Ainsi, de cette analyse laissée à l’opportunité de Michel Houellebecq se dégagent ces conclusions dont nous devrons nous accommoder. L’Occident est dépassé, le lien humain se délite, la mort est une solitude et certains ont moins le droit de vivre que d’autres. Ces apparentes banalités, ces authentiques vérités, il fallait un Michel Houellebecq pour les chercher sous l’écorce.
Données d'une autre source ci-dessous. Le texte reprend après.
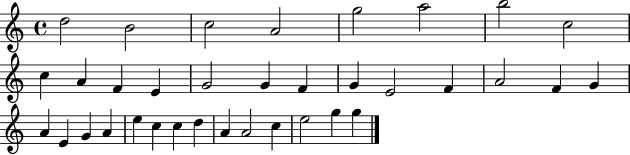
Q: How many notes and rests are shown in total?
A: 35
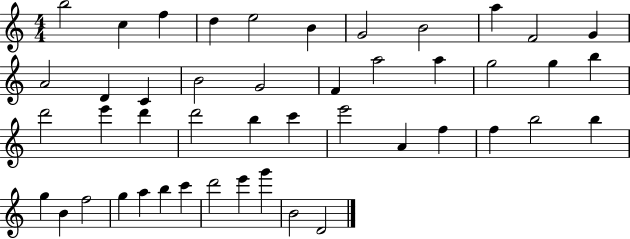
X:1
T:Untitled
M:4/4
L:1/4
K:C
b2 c f d e2 B G2 B2 a F2 G A2 D C B2 G2 F a2 a g2 g b d'2 e' d' d'2 b c' e'2 A f f b2 b g B f2 g a b c' d'2 e' g' B2 D2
Son génie est de faire surgir de la gangue illisible, douloureuse et complexe du réel des constats et des enseignements que personne n’avait encore nommés parce que Michel Houellebecq a porté un regard froid, sec sur la réalité en même temps que sa sensibilité d’écrivain lui a permis de percevoir des continuités que nous étions incapables de remarquer. Nous étions trop éblouis par le caractère apparemment inédit, unique de ce virus. Il convenait au moins qu’il fût absolument singulier pour nous exonérer un peu et justifier notre riposte au jugé, dans un permanent ajustement, tel un pragmatisme toujours en retard.

Alors que Michel Houellebecq, dans sa lettre, restitue avec une limpidité qui ne se paie pas de mots l’essentiel de ce qui existe aujourd’hui et qui n’est que le mouvement accentué de ce qui se trouvait déjà hier au cœur de la société et dans nos comportements humains.

Je songe à tous ces intellectuels patentés, par exemple Régis Debray et d’autres avec lui, qui, questionnés avec respect comme s’ils allaient nous donner la clé de tout, n’atteindront jamais l’incandescence à la fois accessible et novatrice de Michel Houellebecq…

Celui-ci, sur les pas d’Arthur Rimbaud, est notre voyant singulier.